SOURCE MATERIAL
· · · · · · ·

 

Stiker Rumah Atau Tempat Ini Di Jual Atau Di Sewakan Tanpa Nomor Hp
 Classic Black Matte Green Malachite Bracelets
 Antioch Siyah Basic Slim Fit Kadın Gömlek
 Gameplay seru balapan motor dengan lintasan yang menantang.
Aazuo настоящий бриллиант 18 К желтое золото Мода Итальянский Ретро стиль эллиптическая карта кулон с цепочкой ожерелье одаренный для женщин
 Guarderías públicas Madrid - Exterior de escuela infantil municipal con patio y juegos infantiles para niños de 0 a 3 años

· · · · · · ·

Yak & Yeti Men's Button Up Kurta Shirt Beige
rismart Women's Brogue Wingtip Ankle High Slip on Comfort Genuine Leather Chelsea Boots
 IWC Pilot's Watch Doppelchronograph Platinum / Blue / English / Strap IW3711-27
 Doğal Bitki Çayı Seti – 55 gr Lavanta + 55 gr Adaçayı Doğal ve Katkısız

· · · · · · ·

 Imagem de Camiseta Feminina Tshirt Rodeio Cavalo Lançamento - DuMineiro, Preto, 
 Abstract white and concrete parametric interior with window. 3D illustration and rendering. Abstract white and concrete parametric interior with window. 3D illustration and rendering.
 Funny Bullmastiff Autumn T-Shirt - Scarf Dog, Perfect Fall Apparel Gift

· · · · · · ·

EXERCISE REQUIREMENTS
Everything above from the line containing "Antioch Siyah Basic Slim Fit Kadın Gömlek" down to the line containing "Guarderías públicas Madrid" should be copied exactly, both end lines included, and nothing else.

SOLUTION TO THE EXERCISE
 Antioch Siyah Basic Slim Fit Kadın Gömlek
 Gameplay seru balapan motor dengan lintasan yang menantang.
Aazuo настоящий бриллиант 18 К желтое золото Мода Итальянский Ретро стиль эллиптическая карта кулон с цепочкой ожерелье одаренный для женщин
 Guarderías públicas Madrid - Exterior de escuela infantil municipal con patio y juegos infantiles para niños de 0 a 3 años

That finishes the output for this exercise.